One of the more interesting concepts I haven't quite grasped yet is "feeling the horse's lips" at the top of my hand instead of his bars at the bottom. While I do understand the concept, I'm not yet sure I have a handle on the execution. If the ground is thawed tonight, I need to get on and think about this one a bit until I can actually feel what's happening.

Because she knew I had a lot of riding/training experience under my belt, Patrice finished us up with the "canter plie" exercise. Once more, I was absolutely delighted with Tucker's responsiveness to my aids.

The idea here is to canter in a circle. Then, ride up the center line and ask for a leg yield movement. Since the horse can't acutally leg yield at the canter, he should step under a bit more with the leading hind leg and then, you push him foreward, increasing the hind end engagement.

So, canter on the right lead. Leg yield to the left, and when the right hind steps over a little, engage forward.

We worked both reins at this, and even though Patrice thought Tucker would be more difficult on the left lead, he picked it up very quickly and in short order, we were done schooling.

Patrice also said that since Thoroughbreds muscle up very quickly, it was important that I not drill him too much on exercises. She does not want him to develop too much bulky, inflexible muscle but rather more elastic muscling created by variation.

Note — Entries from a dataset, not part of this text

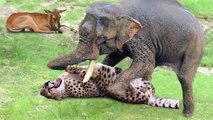 Elephant So Strong! Elephant Herd Save Impala From Five Cheetah Hunt - Snake vs Mongoose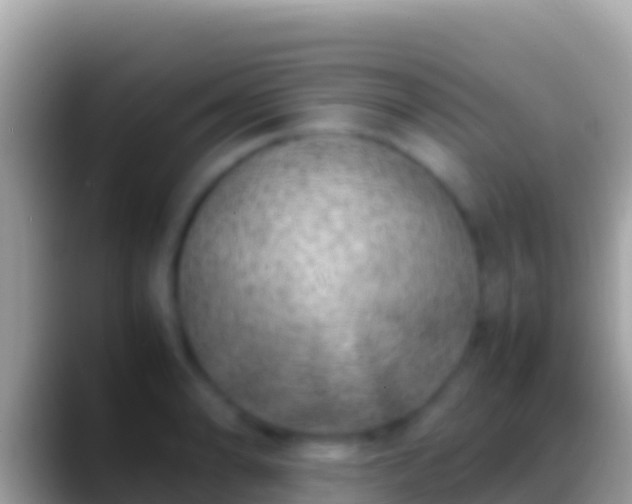 X0000088661086200706011235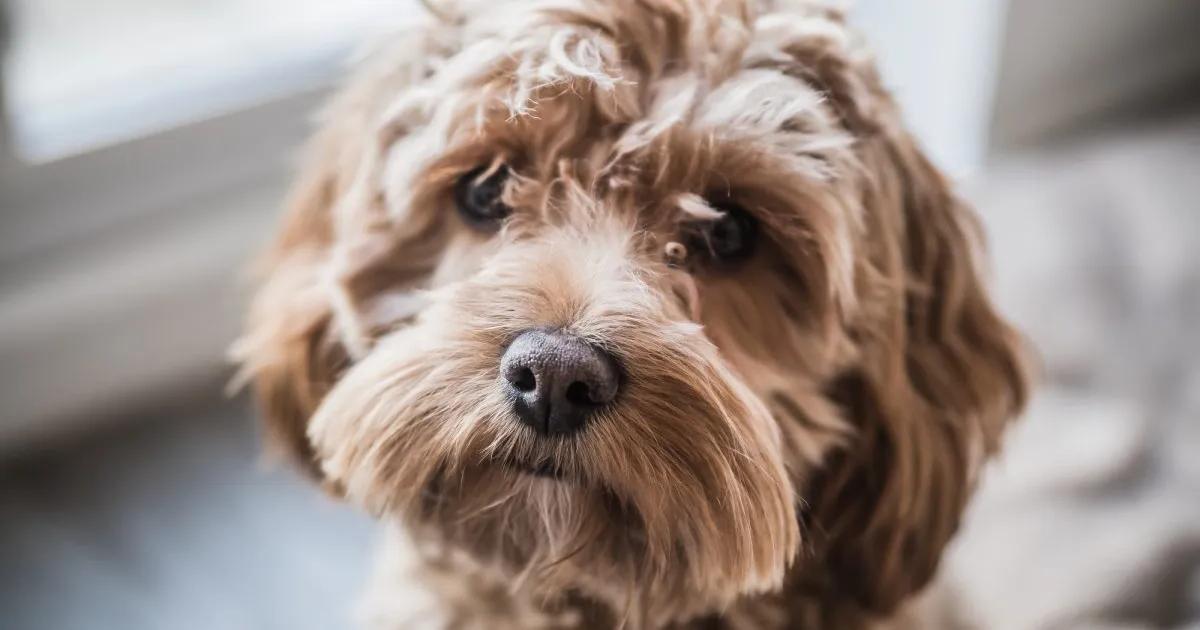 Cockapoo Dog Breed Image 15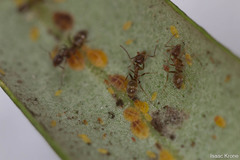Linepithema humile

I was delightful to find Tucker moving more freely when I made adjustments to my seat and posture. I was also revealing to find how much better he was at going softly forward when the stretch was modifed to a more level elevation.

But best of all, it was marvelous to have him so well behaved, attentive, and utterly responsive to my slightest aids. It made everything so easy.

Could I be more pleased? Unlikely. The kid was a star!!

1 comment:

  1. that sounds really good and positive, well worth the trip! carrot for the lad, i expect, as well!